-- WHAT IS BEING ASKED --
Whatever appears in the entries must be given again exactly.

THE DATA: Begin

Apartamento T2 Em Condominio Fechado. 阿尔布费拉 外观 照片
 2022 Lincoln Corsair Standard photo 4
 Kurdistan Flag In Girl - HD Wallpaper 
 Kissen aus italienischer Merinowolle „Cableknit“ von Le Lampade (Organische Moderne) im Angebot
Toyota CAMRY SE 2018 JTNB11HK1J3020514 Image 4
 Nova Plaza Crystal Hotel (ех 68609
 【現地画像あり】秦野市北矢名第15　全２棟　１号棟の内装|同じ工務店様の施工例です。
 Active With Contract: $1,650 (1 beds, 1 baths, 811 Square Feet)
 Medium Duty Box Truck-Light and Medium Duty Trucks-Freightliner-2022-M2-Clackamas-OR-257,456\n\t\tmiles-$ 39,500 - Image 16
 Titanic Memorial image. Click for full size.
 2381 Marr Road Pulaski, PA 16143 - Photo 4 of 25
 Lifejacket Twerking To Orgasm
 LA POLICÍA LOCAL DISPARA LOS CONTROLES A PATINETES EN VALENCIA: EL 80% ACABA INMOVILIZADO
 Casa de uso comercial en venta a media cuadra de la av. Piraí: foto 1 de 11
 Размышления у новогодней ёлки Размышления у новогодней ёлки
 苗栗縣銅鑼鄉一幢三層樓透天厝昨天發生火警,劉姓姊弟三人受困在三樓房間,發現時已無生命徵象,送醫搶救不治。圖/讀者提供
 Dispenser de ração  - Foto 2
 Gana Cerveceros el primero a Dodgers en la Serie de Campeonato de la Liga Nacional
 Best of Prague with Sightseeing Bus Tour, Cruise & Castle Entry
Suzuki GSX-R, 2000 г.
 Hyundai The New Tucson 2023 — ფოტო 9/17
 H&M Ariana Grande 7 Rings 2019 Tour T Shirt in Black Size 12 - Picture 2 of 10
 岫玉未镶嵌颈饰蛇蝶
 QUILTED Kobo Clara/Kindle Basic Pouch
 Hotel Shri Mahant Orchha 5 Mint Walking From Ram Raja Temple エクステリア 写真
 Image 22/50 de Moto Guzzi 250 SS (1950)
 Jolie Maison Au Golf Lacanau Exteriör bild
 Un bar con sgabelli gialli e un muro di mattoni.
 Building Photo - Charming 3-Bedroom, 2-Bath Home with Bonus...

THE DATA: End

-- RESULT OF THE TASK --
Apartamento T2 Em Condominio Fechado. 阿尔布费拉 外观 照片
 2022 Lincoln Corsair Standard photo 4
 Kurdistan Flag In Girl - HD Wallpaper 
 Kissen aus italienischer Merinowolle „Cableknit“ von Le Lampade (Organische Moderne) im Angebot
Toyota CAMRY SE 2018 JTNB11HK1J3020514 Image 4
 Nova Plaza Crystal Hotel (ех 68609
 【現地画像あり】秦野市北矢名第15　全２棟　１号棟の内装|同じ工務店様の施工例です。
 Active With Contract: $1,650 (1 beds, 1 baths, 811 Square Feet)
 Medium Duty Box Truck-Light and Medium Duty Trucks-Freightliner-2022-M2-Clackamas-OR-257,456\n\t\tmiles-$ 39,500 - Image 16
 Titanic Memorial image. Click for full size.
 2381 Marr Road Pulaski, PA 16143 - Photo 4 of 25
 Lifejacket Twerking To Orgasm
 LA POLICÍA LOCAL DISPARA LOS CONTROLES A PATINETES EN VALENCIA: EL 80% ACABA INMOVILIZADO
 Casa de uso comercial en venta a media cuadra de la av. Piraí: foto 1 de 11
 Размышления у новогодней ёлки Размышления у новогодней ёлки
 苗栗縣銅鑼鄉一幢三層樓透天厝昨天發生火警,劉姓姊弟三人受困在三樓房間,發現時已無生命徵象,送醫搶救不治。圖/讀者提供
 Dispenser de ração  - Foto 2
 Gana Cerveceros el primero a Dodgers en la Serie de Campeonato de la Liga Nacional
 Best of Prague with Sightseeing Bus Tour, Cruise & Castle Entry
Suzuki GSX-R, 2000 г.
 Hyundai The New Tucson 2023 — ფოტო 9/17
 H&M Ariana Grande 7 Rings 2019 Tour T Shirt in Black Size 12 - Picture 2 of 10
 岫玉未镶嵌颈饰蛇蝶
 QUILTED Kobo Clara/Kindle Basic Pouch
 Hotel Shri Mahant Orchha 5 Mint Walking From Ram Raja Temple エクステリア 写真
 Image 22/50 de Moto Guzzi 250 SS (1950)
 Jolie Maison Au Golf Lacanau Exteriör bild
 Un bar con sgabelli gialli e un muro di mattoni.
 Building Photo - Charming 3-Bedroom, 2-Bath Home with Bonus...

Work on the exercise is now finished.